Optimal intake air speed

mate, there are soooooo many variables so it's not that cut and dry I'm afraid.

The best air box designs have an intake opening that is smaller than the airbox volume so then you have a pressure different from the outside air and the air inside the box. You want a high pressure outside and a lower pressure inside the air box so the air will then flow straight into the airbox.

If you look at intake pipes where the intake snokel is bigger than the pipe it feeds then you generally get the opposite effect which in turn reduce air pressure and less air enters the pipe. What you want is intake pipe which is the same diameter at the inlet end all the way to the airbox and an airbox which is bigger in size, this is how ram air works.
 
Swings and round-a-bouts really, if you can gulp the air in the engines ecu must be able to process it along with the volumetric efficiency of the inlet system and combustion process. Having been there and done that back in the early 90s it is a difficult process to manage as said, so many variables present be it on the road or on the track. We all hear it in F1 where a car in the tow will suffer from turbulent dirty air which affects the performance.
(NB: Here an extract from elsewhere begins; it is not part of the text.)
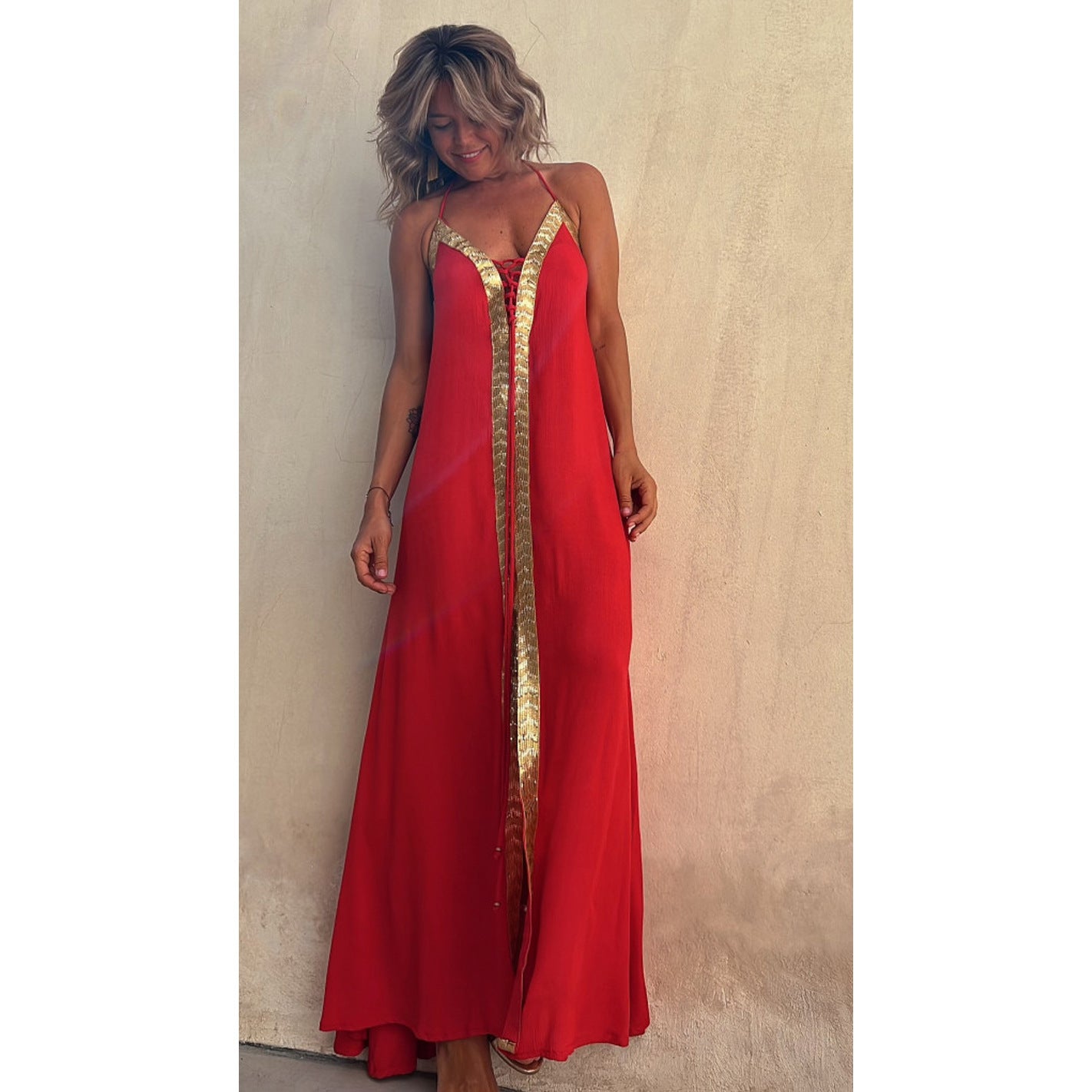 Spring Summer Lace Halter Neck Casual Loose Holidays Swing Dress 3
I have posted about the ramair effect with the VECTIS design before where the optimal feed is one that ever decreases in volume before it hits the throttle body aperture.
 
remember that a motor that has power at low revs has smaller ports for increased air speed in low rpm, but a hi revving engine has large diameter ports for more air speed in high rpm, so in both cases the speed is the same, the difference is the rpm.

So i was wondering what is that speed?